Эту историю всего охотней я рассказала бы Райнеру. Но его «нет» (как не оказалось и двери, точь-в-точь как и двери), и я дарю ее Вам, милая госпожа Нанни, к седьмой (любимое число Рильке!) годовщине его отсутствия.
После Р<ильке> я никого не полюблю — не захочу, не смогу. А ведь мы и не любили друг друга, да никогда и не полюбили бы. Об этой не-любви он и пишет в своей последней Элегии (для Марины).
________
Вот еще, прямо из моей записной книжки:
— Поскольку дома у меня нет времени — не бываю дома (ибо всегда в себе) — я читаю твои письма только в поезде или подземке (прекрасное слово!) — и как внутренне я защищаюсь, Райнер, от всего и всех — тобою, так внешне защищен и ты — твоя книга — моей (под моей) рукой — крылатой рукой плаща.
_______
Милая госпожа, я ничего не знаю о Вас с той поры, как потерялось письмо.

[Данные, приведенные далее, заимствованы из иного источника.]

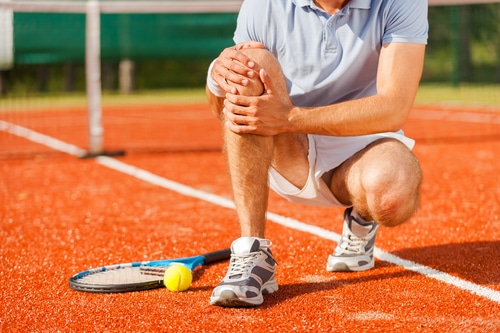 Tennis player holding leg in pain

Где Вы (у меня лишь один из Ваших адресов), какой была или будет зима? Жива ли еще мать Рильке? Знаете ли Вы что-нибудь о его дочери и внучке? (Его кровь!)
_______
Мои дела очень плохи, потому что очень плохи наши дела. Муж работает в частной конторе,[1262] с 9 утра до 10 и даже 12 ночи, и получает за это 260 франков в неделю — он тратит их на питание и проезд. Вот все, что мы имеем, собственно, не имеем даже этого, потому что как раз теперь у него каникулы, значит, целых две недели — ничего. Единственный журнал, куда я писала (в эмиграции все партийно, я же не принадлежу ни к одной партии), мой единственный журнал истаял, став тоненькой тетрадью.[1263] Дочь работает много и не зарабатывает ничего. Она — первая в своей школе («Arts et Publicite»), первая по трем специальностям: иллюстрация, литография, гравюра, и могла бы немало зарабатывать, если бы о ней кто-нибудь позаботился. Но никто о нас не заботится.